# Harecastle tunnel - Kidsgrove, April 2013



## PaulPowers (Apr 16, 2013)

Another lunchtime explore, I was after the Black Panther drain but it's once again sealed so access to the will be with a boat for now 

The tunnel itself was dry for the most part but got quite wet towards the middle due to poor drainage



> The Main tunnel was built in the early 1800`s and has been disused since 1960 on account it was too small for modern rolling stock, the tunnel heads east for several hundred yards before turning right to head south towards Stoke on Trent. The tunnel itself is 2/3 mile long.
> 
> The Other two Harecastle tunnels are a couple of Canal tunnels on the Trent Mersey Canal the northern end starts in Kidsgrove alongside the Manchester to London railway line, the tunnels were built by James Brindley for Josiah Wedgewood. The First tunnel was abandoned to after being opened due to mining subsidence and a replacement built which is still in use. In the middle of the tunnels were connected to small off shoot tunnels which went into a local mine where tubs were floated down to to the canal.
> 
> ...










First set of scaffold





Chair in a tunnel, with scaffold















The second lot of scaffold 










More Scaffold


----------



## UrbanX (Apr 16, 2013)

So what's the deal with the scaff then?
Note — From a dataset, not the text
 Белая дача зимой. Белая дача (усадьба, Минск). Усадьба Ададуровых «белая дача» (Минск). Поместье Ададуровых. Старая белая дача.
Just maintainabce / repair? 
Ace photos as usual sir!


----------



## UEP-Wales (Apr 16, 2013)

Great stuff as per dude!


----------



## PaulPowers (Apr 16, 2013)

UrbanX said:


> So what's the deal with the scaff then? Just maintainabce / repair?
> Ace photos as usual sir!



The inner lining of the tunnel is crumbling and the scaff is a crash zone


----------



## RichardH (Apr 17, 2013)

I've been through the canal tunnel twice in either direction (on a narrowboat). It is fascinating to see how the different sections of the tunnel join together - and exciting for the person steering the boat, who has to contend with sudden changes in the tunnel profile, unexpected jets of water, unidentified gooey stuff and killer mutant spiders of doom (I don't know what they eat down there when they can't get boaters).


----------